··· Data shown ···

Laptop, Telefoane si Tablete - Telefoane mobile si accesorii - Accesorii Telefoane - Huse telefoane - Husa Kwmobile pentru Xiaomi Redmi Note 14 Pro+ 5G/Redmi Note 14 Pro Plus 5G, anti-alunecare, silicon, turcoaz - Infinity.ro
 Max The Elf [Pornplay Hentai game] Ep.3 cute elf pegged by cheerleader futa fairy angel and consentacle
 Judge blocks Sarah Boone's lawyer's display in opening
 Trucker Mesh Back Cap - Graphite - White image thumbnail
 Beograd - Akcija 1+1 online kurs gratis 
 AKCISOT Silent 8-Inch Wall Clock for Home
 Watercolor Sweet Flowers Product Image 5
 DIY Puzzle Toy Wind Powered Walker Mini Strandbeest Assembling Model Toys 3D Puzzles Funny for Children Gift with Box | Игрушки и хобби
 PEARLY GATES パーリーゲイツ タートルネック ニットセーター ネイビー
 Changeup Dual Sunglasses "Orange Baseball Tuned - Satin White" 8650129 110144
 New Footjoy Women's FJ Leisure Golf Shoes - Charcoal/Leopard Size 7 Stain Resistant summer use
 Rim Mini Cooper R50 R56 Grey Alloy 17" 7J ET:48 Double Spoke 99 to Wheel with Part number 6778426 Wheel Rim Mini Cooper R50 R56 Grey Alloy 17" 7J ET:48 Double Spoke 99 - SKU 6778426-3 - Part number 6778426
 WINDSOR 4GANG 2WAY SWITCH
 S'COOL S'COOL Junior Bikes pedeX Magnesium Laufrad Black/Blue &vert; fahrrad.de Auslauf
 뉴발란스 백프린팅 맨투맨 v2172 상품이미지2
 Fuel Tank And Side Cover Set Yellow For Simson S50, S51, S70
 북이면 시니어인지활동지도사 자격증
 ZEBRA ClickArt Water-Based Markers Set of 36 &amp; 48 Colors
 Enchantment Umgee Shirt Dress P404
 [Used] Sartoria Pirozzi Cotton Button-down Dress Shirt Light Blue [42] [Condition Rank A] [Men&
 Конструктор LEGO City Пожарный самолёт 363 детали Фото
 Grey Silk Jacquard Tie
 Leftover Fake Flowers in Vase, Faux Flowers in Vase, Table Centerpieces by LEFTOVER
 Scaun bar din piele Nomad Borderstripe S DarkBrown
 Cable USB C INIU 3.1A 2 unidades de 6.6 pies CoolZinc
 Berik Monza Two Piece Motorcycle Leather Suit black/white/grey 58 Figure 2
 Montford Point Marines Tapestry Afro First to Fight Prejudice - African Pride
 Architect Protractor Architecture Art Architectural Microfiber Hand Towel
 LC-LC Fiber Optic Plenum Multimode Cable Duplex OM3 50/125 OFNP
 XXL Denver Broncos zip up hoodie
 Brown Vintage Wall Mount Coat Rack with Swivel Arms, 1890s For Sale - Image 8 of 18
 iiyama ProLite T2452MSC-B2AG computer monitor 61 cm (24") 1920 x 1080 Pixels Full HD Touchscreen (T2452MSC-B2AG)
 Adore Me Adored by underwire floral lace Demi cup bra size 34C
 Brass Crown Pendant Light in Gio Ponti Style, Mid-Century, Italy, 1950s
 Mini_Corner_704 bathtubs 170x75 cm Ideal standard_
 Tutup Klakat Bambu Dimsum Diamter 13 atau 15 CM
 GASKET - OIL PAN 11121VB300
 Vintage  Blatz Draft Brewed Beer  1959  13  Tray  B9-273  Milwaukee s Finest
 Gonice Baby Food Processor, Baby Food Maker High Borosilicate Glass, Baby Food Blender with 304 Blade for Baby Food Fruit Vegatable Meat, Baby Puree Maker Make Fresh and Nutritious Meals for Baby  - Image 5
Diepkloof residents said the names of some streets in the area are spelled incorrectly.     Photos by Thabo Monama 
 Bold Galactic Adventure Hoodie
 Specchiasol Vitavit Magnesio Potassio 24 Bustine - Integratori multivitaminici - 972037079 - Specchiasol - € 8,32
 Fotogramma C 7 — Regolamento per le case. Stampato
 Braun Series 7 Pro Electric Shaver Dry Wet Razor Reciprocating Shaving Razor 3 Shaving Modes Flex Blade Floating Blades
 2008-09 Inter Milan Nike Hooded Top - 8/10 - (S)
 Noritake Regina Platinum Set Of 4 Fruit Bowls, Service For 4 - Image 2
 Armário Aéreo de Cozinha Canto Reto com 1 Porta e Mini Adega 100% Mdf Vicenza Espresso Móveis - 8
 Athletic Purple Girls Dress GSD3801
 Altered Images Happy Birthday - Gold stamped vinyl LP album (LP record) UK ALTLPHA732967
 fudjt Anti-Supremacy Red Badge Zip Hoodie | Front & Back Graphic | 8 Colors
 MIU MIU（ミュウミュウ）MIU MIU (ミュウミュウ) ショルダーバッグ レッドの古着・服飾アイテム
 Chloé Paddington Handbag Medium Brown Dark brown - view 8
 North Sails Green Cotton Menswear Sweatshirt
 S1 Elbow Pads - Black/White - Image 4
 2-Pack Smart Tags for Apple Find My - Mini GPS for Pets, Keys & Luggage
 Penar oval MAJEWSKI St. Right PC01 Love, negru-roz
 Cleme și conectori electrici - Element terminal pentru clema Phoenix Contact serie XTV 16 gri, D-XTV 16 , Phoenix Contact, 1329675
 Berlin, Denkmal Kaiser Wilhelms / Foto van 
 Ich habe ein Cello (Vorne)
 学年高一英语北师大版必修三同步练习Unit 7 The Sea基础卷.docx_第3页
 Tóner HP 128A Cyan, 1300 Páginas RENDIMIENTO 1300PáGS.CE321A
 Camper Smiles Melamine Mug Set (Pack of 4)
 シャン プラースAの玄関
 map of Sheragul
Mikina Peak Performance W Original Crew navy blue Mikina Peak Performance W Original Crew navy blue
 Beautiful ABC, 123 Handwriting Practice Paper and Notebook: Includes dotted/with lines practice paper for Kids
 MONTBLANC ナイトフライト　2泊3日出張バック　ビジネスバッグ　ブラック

···

What you should do:
Only a number is expected: the count of lines in the data that contain the word "Dress".

Solution to this problem:
3